Desiree Wallace did not provide additional details on when and how these slurs were directed at her son, who is the only black driver in all three of NASCAR’s national series.
After a few years of Legends and late model racing, Bubba Wallace made his NASCAR debut in 2010 when he was invited to participate in the K&N Pro Series East as part of NASCAR’s Drive for Diversity program. Two years later, he reached a national series with his debut in the NASCAR Nationwide Series (now Xfinity Series), notching three top-10 finishes in four races in 2012.
Wallace the next year became a full-time driver in the NASCAR Truck Series. His 2013 win at Iowa Speedway made him the first black driver to win a national NASCAR series race since Wendell Scott did so in 1963. He won four more truck races in 2014 before switching full-time to the Xfinity Series in 2015.
Wallace has been a full-time Cup Series driver since 2018. He has not yet won a race in that or the Xfinity Series.
Desiree Wallace also was asked Monday about her son’s reaction to the noose being placed in his garage stall, an incident that is being investigated by both the FBI and NASCAR. Bubba Wallace broke the news to his mother during a Facetime call Sunday.
“He called me yesterday, and he said, ‘Mom, there’s been a hate crime against me.’ I said, ‘What are you talking about?’ And just the look on his face … I said, ‘What is it?’ He was like, ‘They found a noose in the car garage.’
“He looked so … at first he looked defeated. And so me as his mother, trying to collect my thoughts, trying to figure out, ‘How do I respond to my son who has just had such a heinous act against him, how do I respond to him?’ I said, ‘That was an act of fear. They’re more afraid of you than you are of them.'”

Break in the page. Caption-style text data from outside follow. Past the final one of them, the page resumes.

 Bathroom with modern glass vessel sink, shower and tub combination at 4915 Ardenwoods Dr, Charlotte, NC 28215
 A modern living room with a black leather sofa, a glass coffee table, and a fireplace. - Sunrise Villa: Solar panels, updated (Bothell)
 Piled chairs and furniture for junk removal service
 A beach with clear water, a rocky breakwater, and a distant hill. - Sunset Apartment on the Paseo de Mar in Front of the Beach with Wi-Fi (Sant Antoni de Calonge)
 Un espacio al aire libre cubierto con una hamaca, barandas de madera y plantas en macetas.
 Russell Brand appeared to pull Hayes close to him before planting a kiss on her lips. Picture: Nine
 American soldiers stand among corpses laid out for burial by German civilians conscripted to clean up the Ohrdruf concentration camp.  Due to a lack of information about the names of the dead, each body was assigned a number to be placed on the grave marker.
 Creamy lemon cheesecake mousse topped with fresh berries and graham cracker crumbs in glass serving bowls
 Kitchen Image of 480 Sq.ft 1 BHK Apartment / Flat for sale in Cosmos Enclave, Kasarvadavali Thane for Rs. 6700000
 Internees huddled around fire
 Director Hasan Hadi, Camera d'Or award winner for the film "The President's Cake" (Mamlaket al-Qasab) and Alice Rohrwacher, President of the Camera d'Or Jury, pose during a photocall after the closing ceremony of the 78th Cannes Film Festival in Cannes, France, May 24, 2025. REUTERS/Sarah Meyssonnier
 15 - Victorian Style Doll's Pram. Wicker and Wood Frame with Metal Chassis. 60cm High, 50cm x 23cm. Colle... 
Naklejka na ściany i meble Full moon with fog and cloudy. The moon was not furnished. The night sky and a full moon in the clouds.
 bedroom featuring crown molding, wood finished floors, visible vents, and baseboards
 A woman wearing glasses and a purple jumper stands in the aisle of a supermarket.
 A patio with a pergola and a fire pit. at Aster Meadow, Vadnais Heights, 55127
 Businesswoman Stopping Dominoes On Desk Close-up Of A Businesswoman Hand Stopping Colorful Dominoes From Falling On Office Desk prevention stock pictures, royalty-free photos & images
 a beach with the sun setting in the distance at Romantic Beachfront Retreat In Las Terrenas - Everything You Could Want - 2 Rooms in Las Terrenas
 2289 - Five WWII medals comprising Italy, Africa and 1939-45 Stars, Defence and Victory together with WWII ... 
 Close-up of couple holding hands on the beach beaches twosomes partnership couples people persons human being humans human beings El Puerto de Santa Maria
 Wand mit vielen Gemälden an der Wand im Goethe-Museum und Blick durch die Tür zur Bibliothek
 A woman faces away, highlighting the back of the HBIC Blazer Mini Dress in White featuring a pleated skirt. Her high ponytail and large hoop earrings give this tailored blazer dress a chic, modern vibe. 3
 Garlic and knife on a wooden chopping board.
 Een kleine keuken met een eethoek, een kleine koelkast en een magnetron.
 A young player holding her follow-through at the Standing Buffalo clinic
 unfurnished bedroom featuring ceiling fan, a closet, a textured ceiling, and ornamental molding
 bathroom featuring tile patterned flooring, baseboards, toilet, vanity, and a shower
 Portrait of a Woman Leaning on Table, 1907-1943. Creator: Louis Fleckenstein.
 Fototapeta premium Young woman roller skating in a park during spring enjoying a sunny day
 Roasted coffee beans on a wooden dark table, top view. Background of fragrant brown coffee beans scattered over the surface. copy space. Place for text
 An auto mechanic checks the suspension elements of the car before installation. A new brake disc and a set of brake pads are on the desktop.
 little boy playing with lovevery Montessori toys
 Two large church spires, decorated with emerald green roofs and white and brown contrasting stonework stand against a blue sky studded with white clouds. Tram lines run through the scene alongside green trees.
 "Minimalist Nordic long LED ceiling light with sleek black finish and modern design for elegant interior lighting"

Bubba Wallace, who led a charge that prompted NASCAR’s June 10 decision to ban the Confederate flag from its events and properties, has received similar support from fellow drivers and others within the NASCAR community.
“The deal that happened yesterday, sorry I’m not wearing my mask, but I wanted to show whoever it was that you’re not going to take away my smile and I’m going to keep on going,” Wallace said after Monday’s rain-postponed race, standing in front of a crowd of supporters in the stands at Talladega.